-------- GIVEN RECORDS

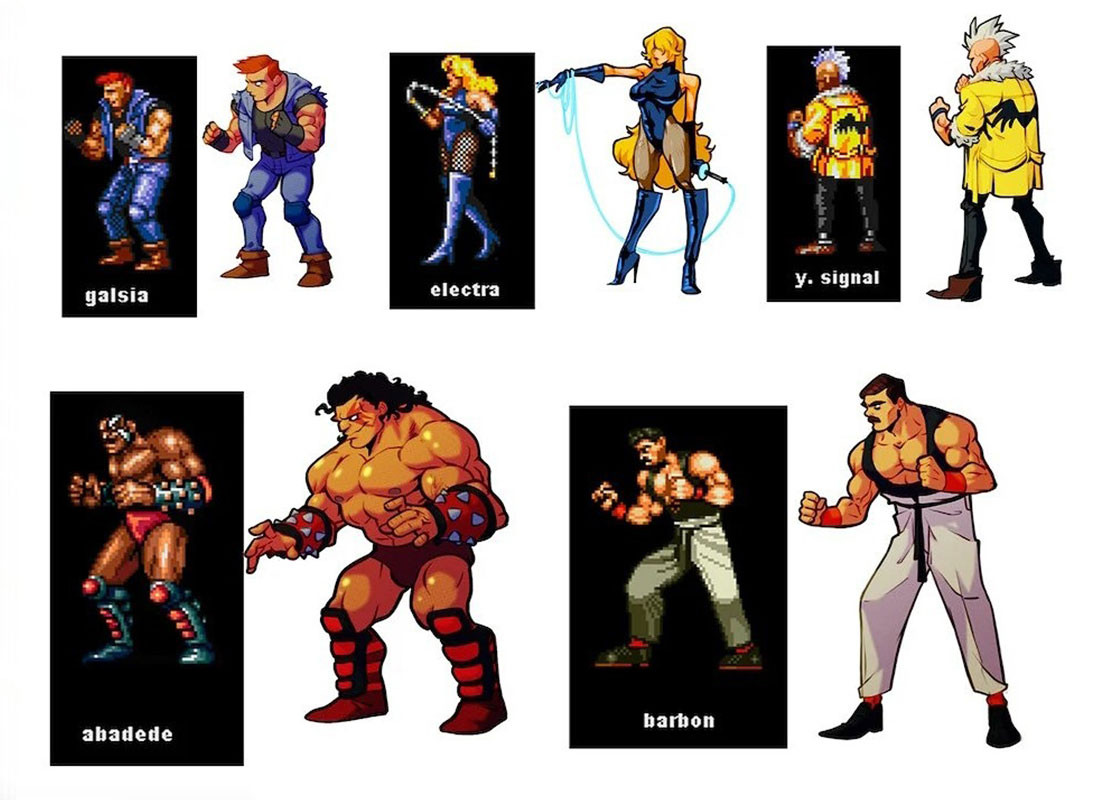 Streets of rage steam фото 64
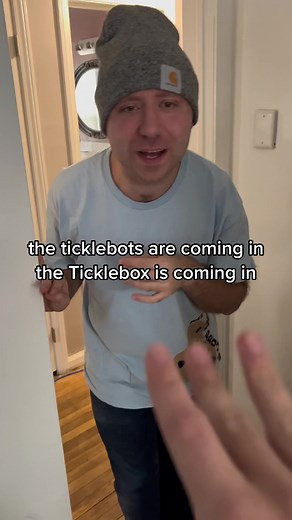 The tickle bots are coming in! 😂 #autism #autisticadult #autismawareness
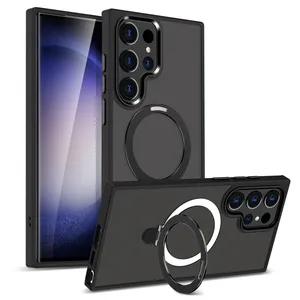 BodyGuard Magsafe Color Case For Samsung Galaxy S25 Ultra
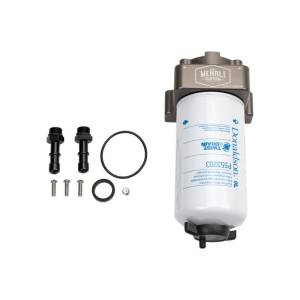 Wehrli Custom 2020-2024 Short Bed L5P Duramax Fuel Filter Housing Kit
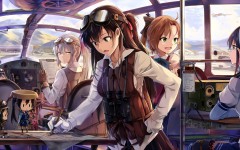 Desktop wallpaper. Anime. ID:83039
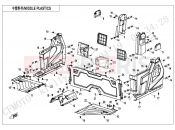 CFMOTO 2021 UTV UFORCE 1000 (CF1000UTR-3) MIDDLE PLASTICS(FOR NON SIDE DOORS) - F04-3-B-V4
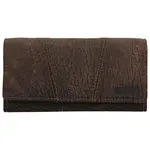 Dámská kožená peněženka Lagen Britta - hnědá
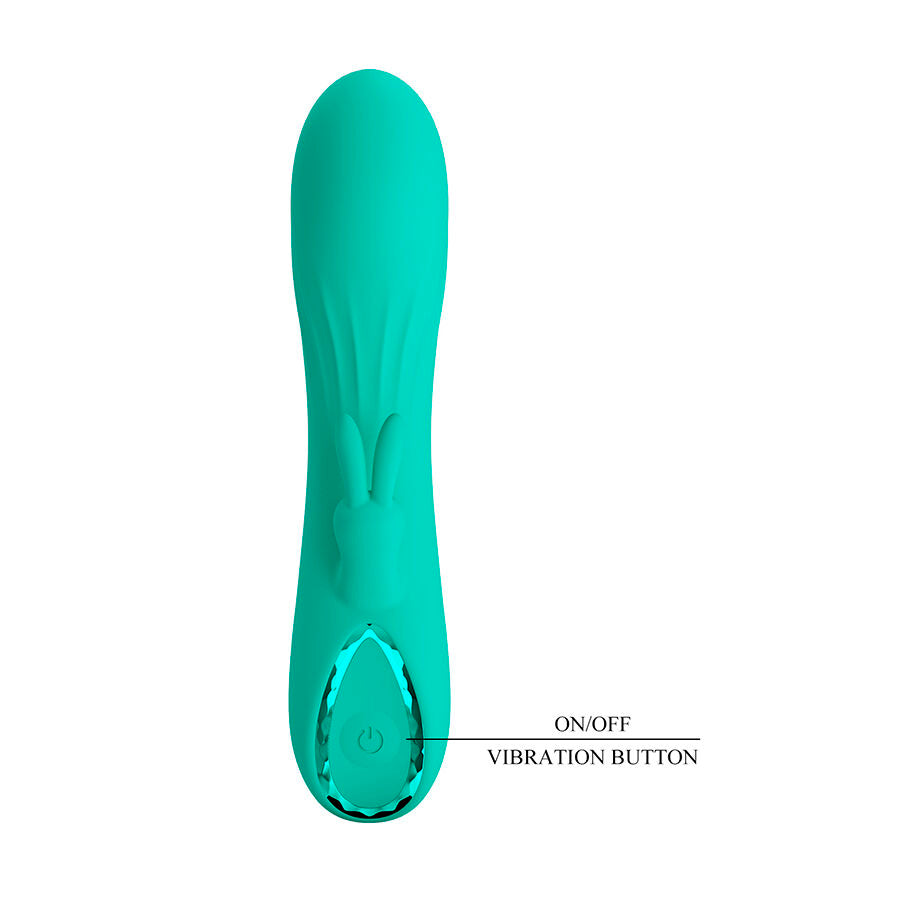 PRETTY LOVE - DJ STICK VIBRATORE PUNTO G TURCHESE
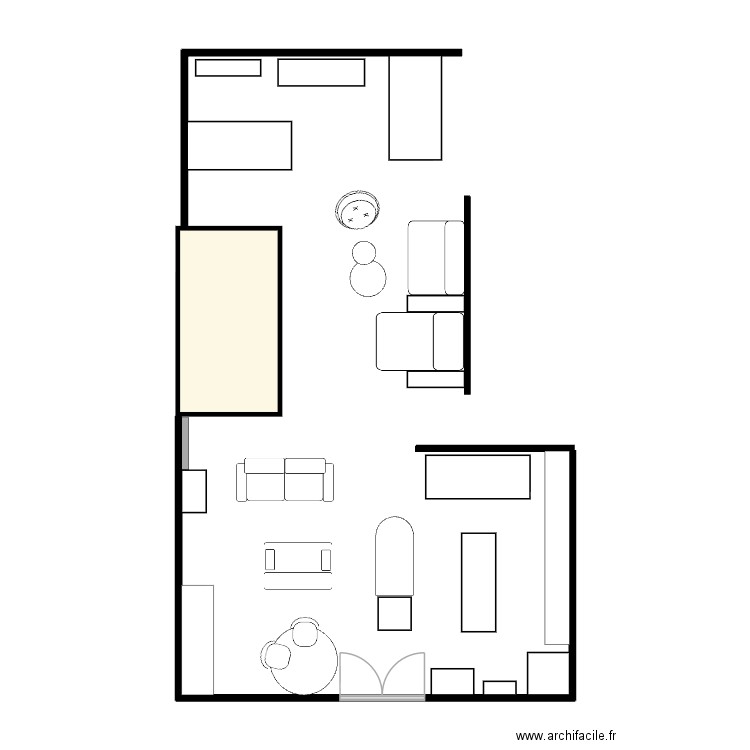 BC2 entrée. Plan de 0 pièce et 0 m2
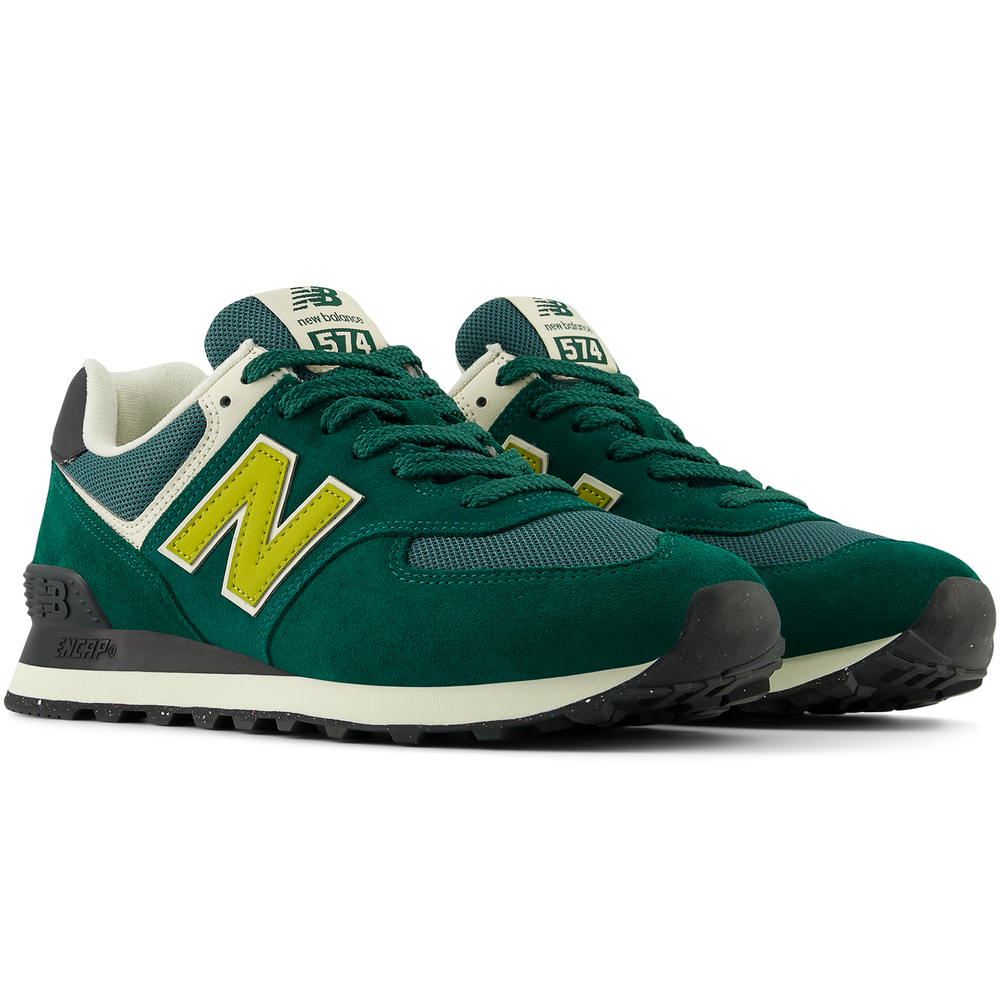 Buty męskie New Balance U574RBC – zielone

----------------

YOUR ASSIGNMENT
Through the line containing "Desktop wallpaper. Anime. ID:83039" and no further, restate the data above word for word from its first line, leaving out pictures.

REPLY TO THE EXERCISE
 Streets of rage steam фото 64
 The tickle bots are coming in! 😂 #autism #autisticadult #autismawareness
 BodyGuard Magsafe Color Case For Samsung Galaxy S25 Ultra
 Wehrli Custom 2020-2024 Short Bed L5P Duramax Fuel Filter Housing Kit
 Desktop wallpaper. Anime. ID:83039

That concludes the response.